West of England Flannels is perfect for Jackets and Suiting

写真・文/赤峰幸生 Photo & Essay by Yukio Akamine

ご存知FOX BROTHERSといえばFlannels(フランネル)。私がFOXのフランネルでブレイザーを作ったのが、1970年。約40年程前の事。自由が丘の2LDKのちっぽけなマンションを事務所として、㈲トラッドを作り、ブランド名WAY-OUT but classicを立ち上げたのが、28歳の時だった。

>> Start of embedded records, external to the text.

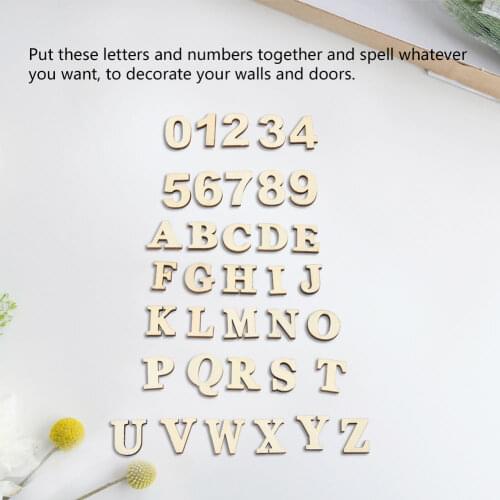 Fashion Wooden Self-adhesive Numbers Letters for DIY Art Crafts Decor Children Gift Diy Alphanumeric Sticker Craft Home Decor
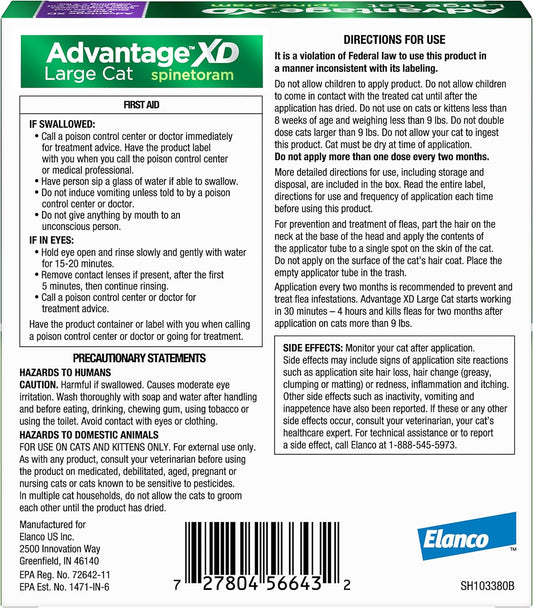 Advantage Xd Large Cat Flea Prevention & Treatment For Cats Over 9Lbs. | 2-Topical Doses, 2-Months Of Protection Per Dose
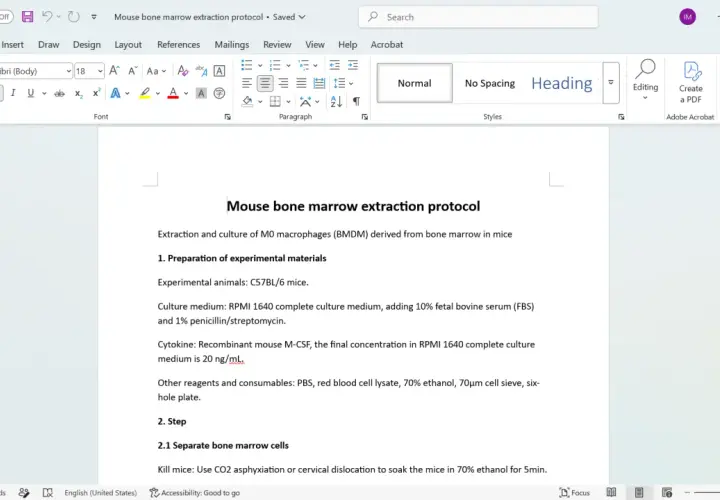 Documento de Word con protocolo de extracción de médula ósea de ratón. Aprende como hacer un documento en Word con este ejemplo.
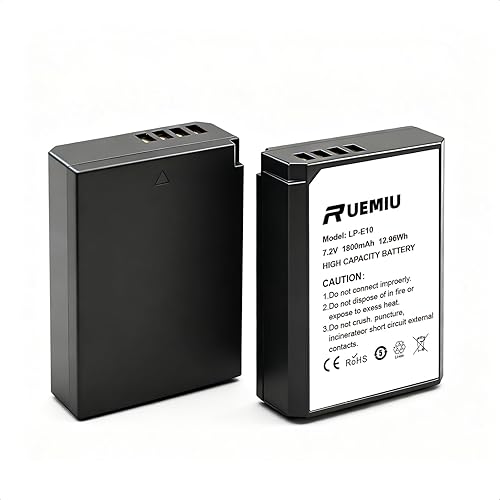 RUEMIU 2-Pack Upgraded 1800mAh LP-E10 Battery Compatible with Canon EOS Rebel T7 T6 T5 T3 T100 4000D 3000D 2000D 1500D 1300D 1200D 1100D Kiss X50 X70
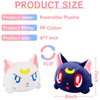 Memall 8'' Cute Cat Reversible Stuffed Plush Toys, Cartoon Anime Stuffed Animal Plushie Double-Sided Flip Plush Doll Birthday Gift for Kids Boys Girls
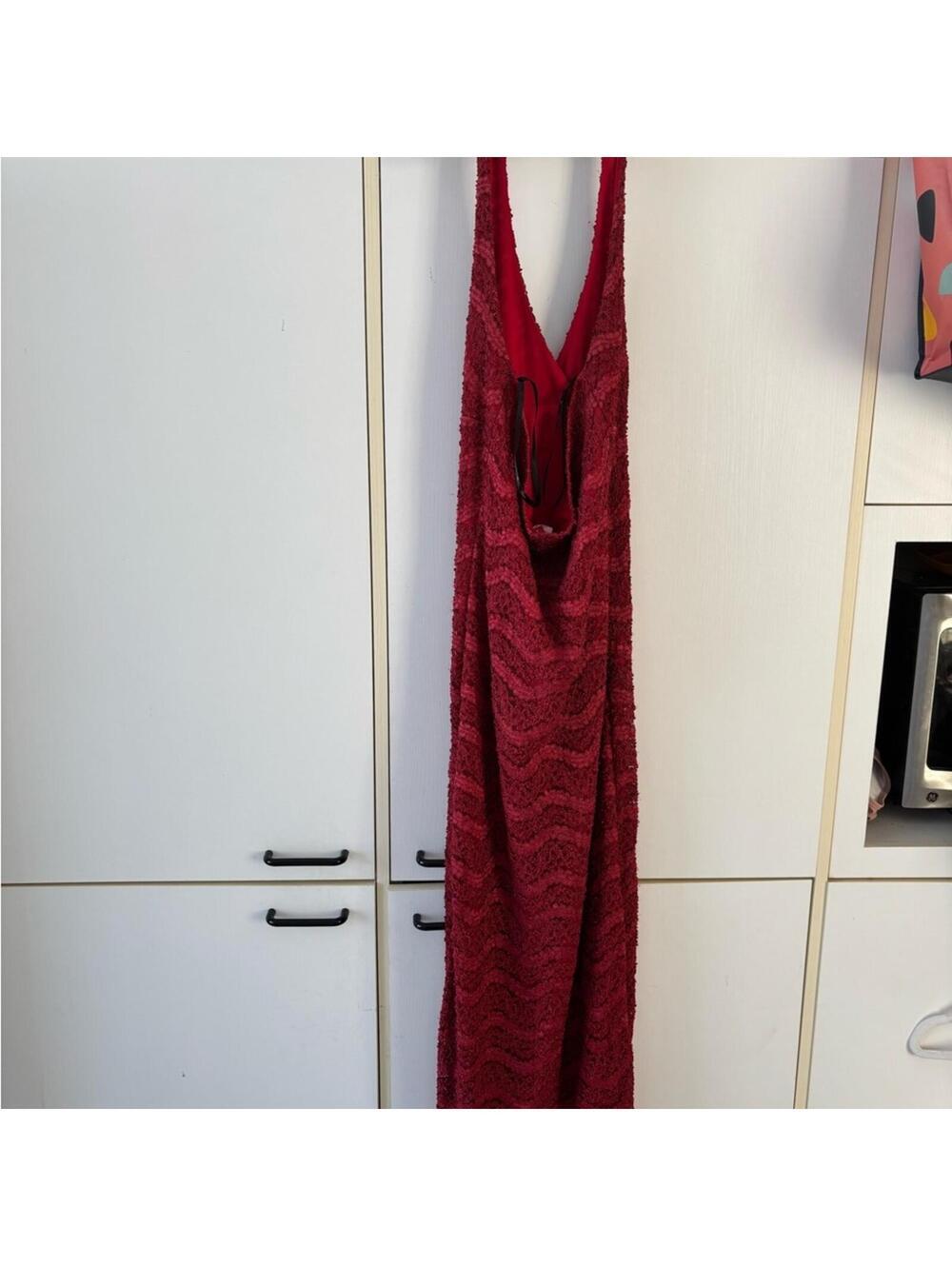 Vintage Red Lace Halter Maxi Dress Whimsigoth Vamp Wedding Guest Large Chic - Picture 8 of 9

横浜馬車道の信濃屋の白井さんの自宅に押しかけては夜明けまで英国生地を見分けながら、様々な話をしたことが懐かしい。

生地1メーターあたりの重さが480gあるヘビーフランネル。今は平均240gだから約、2倍の重さがあるどっしりとした生地である。通常ドライタッチといわれる乾いた手触り感の横糸をしっかり打ち込んでいるため、少々の事ではへこたれない一生物のブレイザーを作った事を憶えている。

当時はシトロフォン社のフランネルか、フォックス社のいづれかがフラノの双璧で、形は3ツ釦返りのパッチ&フラップポケットでフックベントだった。工場はリングジャケット貝塚工場で釦はロンドンバッチ&ボタン社を使用した。

2012年の素材テーマはLONDON OLYMPIC 1948とCARY GRANT。オリンピックは言うまでもなくホワイトフランネルとレジメンタルストライプ。ケーリーグラントは彼の着る様々なスーツにフォーカスして柄を復刻している。

正に本家のジェントルマンズ達がロンドン市内を歩いた往年の古き良き時代を再現している。いつもながらFOXの生地を見ると男の立ち位置の中で変えてはいけない不変的な物や事を感じると同時にTREND(トレンド)という時代性の変化に敏感な現代、ゲームのごとくトランプ総取り替えを繰り返す事が本当に正しい事なのか、逆に変えない事こそが今のトレンドではないかと思いつつスタンドを後にした。